The Moonshine Bandits just released their seventh studio album, Baptized in Bourbon, and Billboard is excited to bring you an exclusive look at the video for the set's first single, "Take This Job and Shove It." A classic for Johnny Paycheck in 1977, the duo is thrilled to have the song's writer, David Allan Coe, appear in both the song and the video.
"Obviously, for two guys like me and Bird, we grew up listening to David Allan Coe, whether it was on the weekend drinking beer or barbecuing. We always have listened to his music," said the duo's Dusty "Tex" Dahlgren. "The next thing you know, we're doing a song with him, and getting his blessing on how we did the song, and his interest in being in a video with us. Our manager came up with the concept for the video in bringing him back to the penitentiary where he was incarcerated at. The song itself is about being empowered and liberated, so to have Coe go back to somewhere he had actually spent some time out of his life and not be able to be liberated, it tied in pretty good."
The Moonshine Bandits take pride in the fact that the video is pretty much unfiltered - just like Coe has always been. "The video is raw," stressed Dahlgren. "It's uncensored, and we're proud of that. We didn't make this music video to pitch to CMT. We made the video to be what it is -- if a 77-year old man like David Allan Coe wants to flip off the camera, so be it. I think that our fans and his fans will expect that, especially with the world being so politically incorrect -- who doesn't want to flip off the boss when you're angry? You may not do it, but in this song we're doing just that, and we're pretty proud of it."

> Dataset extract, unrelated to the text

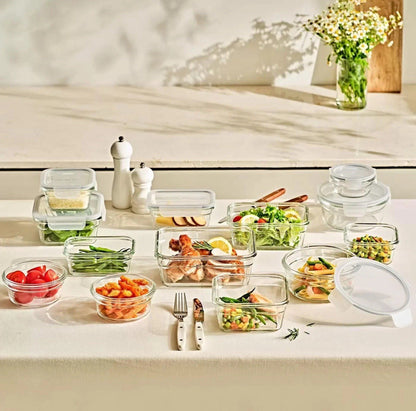 Glasslock Premium Food Storage Boxes Safe Tempered Glass + Lids Set Pack 26 Pcs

One thing is for sure: the duo came away with an even greater respect for Coe, who lives up to his reputation of being one of a kind. "He had to walk three or four flights of stairs in that creepy old prison. He had to put in a lot of work to make this thing happen. It was just cool. The relationship we built with him has been so meaningful. I get text messages from him out of the blue. The night before the video, we were in his hotel room sipping on whiskey, and listening to him tell his stories. It was like listening to a guy speak in song lyrics. It was incredible. He would talk about touring with B.B. King, and anytime somebody told him he couldn't do something, he would go out and do it. That's how we have approached things. We've faced a lot of challenges with the way we've mixed genres, and we've never really stopped or conformed to what people thought we should sound like. We've just kept doing it our own way, so I think the tie-in with us and Coe getting together made a lot of sense on this."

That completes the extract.